> **WHAT YOU ARE ASKED TO DO**: Among the entries below, please repeat exactly and only the lines from the line containing "DSV Deutscher Schülercup" to the line containing "White Monster screenshot", both lines included.

> **THE DATA**:
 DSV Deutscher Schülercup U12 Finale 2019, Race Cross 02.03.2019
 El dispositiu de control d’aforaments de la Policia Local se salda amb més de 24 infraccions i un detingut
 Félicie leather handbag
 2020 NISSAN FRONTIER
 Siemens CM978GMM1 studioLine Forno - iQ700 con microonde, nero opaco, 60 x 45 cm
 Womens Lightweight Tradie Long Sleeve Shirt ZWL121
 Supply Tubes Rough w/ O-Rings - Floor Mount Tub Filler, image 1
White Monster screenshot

...

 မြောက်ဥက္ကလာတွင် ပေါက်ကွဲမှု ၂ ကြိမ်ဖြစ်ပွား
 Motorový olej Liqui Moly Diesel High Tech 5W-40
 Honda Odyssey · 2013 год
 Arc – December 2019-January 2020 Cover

> **WRITTEN ANSWER**:
 DSV Deutscher Schülercup U12 Finale 2019, Race Cross 02.03.2019
 El dispositiu de control d’aforaments de la Policia Local se salda amb més de 24 infraccions i un detingut
 Félicie leather handbag
 2020 NISSAN FRONTIER
 Siemens CM978GMM1 studioLine Forno - iQ700 con microonde, nero opaco, 60 x 45 cm
 Womens Lightweight Tradie Long Sleeve Shirt ZWL121
 Supply Tubes Rough w/ O-Rings - Floor Mount Tub Filler, image 1
White Monster screenshot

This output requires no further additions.